Scientists have discovered a way to stop the growth of human embryos in a possible medical breakthrough.
The team found that by reducing activity, in particular a certain chain of biological reactions involved in fetal growth, were able to temporarily halt the implantation of a fertilized embryo into the uterine wall until conditions were optimal.
By slowing the production of a protein related to fetal growth, they were able to temporarily stop the growth of the fertilized embryo at its earliest stage, about a week after conception.
The researchers managed to keep the embryos in this dormant state for 18 days, after which they reversed the pause to resume normal growth.
The researchers said the technique could be used to increase the success of IVF by creating a larger time window to assess the health of the embryo and improve the chances of implantation in the uterus.
Researchers have shown that decreased activity of the mTOR signaling pathway places stem and blastoid cells into a diapause-like dormant state.
More than 130 species of mammals (from bears to mice) have the ability to temporarily stops the development of the embryo in a process called embryonic diapause.
It usually occurs during the blastocyst stage, when a fertilized egg rapidly divides into a ball of cells called a blastocyst. This early phase of development begins approximately five or six days after fertilization.
A team of researchers from the Max Planck Institute in Berlin and the Institute for Molecular Biotechnology (IMBA) of the Austrian Academy of Sciences in Vienna has discovered a way to artificially trigger a diapause-like state in human stem cells and blastoids, which are blastocysts. grown in laboratory.
In both stem cells and blastoids, the researchers altered the activity of a particular chain of reactions, also known as a molecular cascade.
A molecular cascade is when the movement of one molecule triggers the movement of another, and so on. This starts a series of cascading chemical reactions.
It works similar to a row of falling dominoes, where each falling domino causes the next to fall.
The pathway the researchers targeted is called the mTOR signaling pathway.
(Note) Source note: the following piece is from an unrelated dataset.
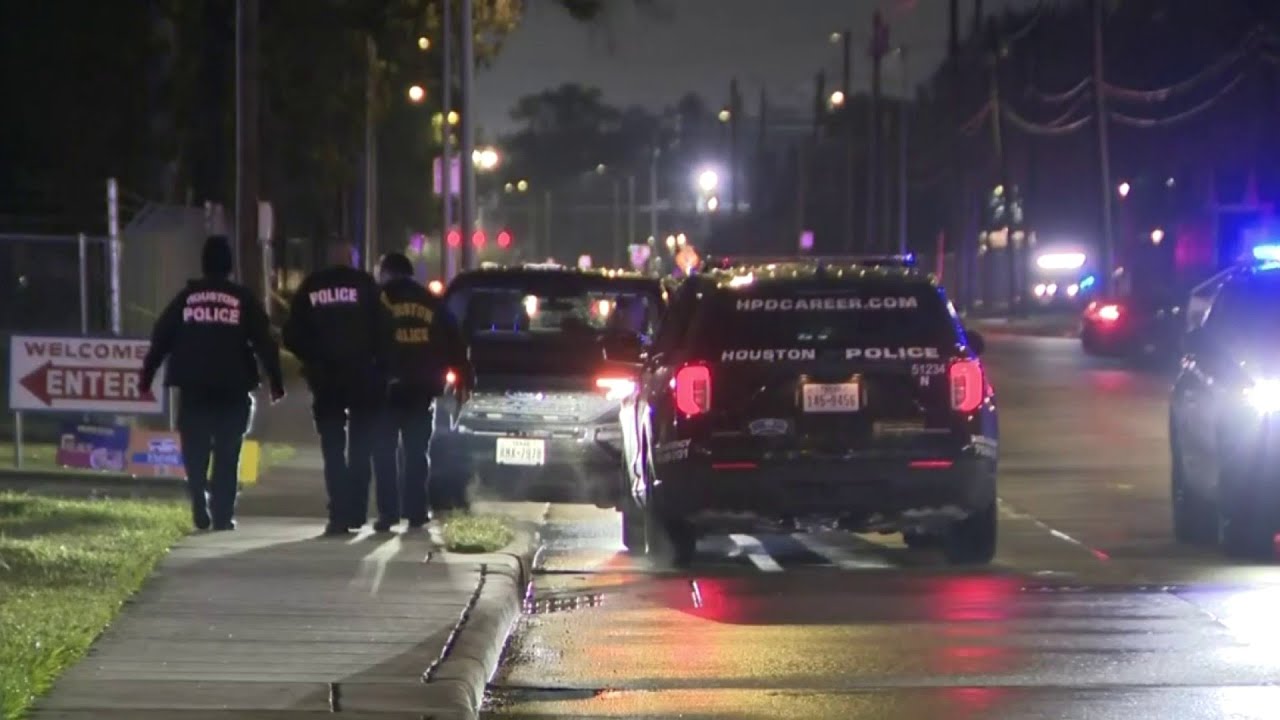 1 dead, 2 injured after alleged robbery between gangs in N. Houston ...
It regulates cell metabolism, growth, proliferation and survival, and also plays an important role in fetal growth and development.
Study findings could improve the effectiveness of reproductive health treatments such as in vitro fertilization (IVF)
When the researchers inhibited the mTOR signaling pathway, the stem cells and blastoids entered a dormant state similar to diapause.
The study’s findings show that the ability to enter torpor is active in human cells around the blastocyst stage, the researchers wrote in their report.
Furthermore, they discovered that they could reverse this AFTER HOW LONG, allowing the blastoids to resume normal development.
And when they improved the activity of the mTOR pathway, they found that embryonic development accelerated.
They published their study this month in the journal. Cell.
This research has discovered a new way to control the growth of human pregnancies.
“Although we have lost the ability to enter torpor naturally, these experiments suggest that we have nonetheless retained this internal ability and could eventually release it,” said study co-author Nicolas Rivron of the Institute of Molecular Biotechnology ( IMBA) of the Austrian Academy. of Sciences of Vienna, in a statement.
Learning how to harness this hidden ability within our cells could have important implications for reproductive health treatments like IVF.
“On the one hand, faster development is known to increase the success rate of in vitro fertilization, and improving mTOR activity could achieve this,” Rivron explained.
“On the other hand, triggering a dormant state during an IVF procedure could provide a broader window of time to evaluate the health of the embryo and synchronize it with the mother for better implantation inside the uterus,” he added.
More research will be needed to refine our ability to control this mechanism and safely induce diapause during IVF, but researchers are optimistic that this work could lead to advances in reproductive health treatments.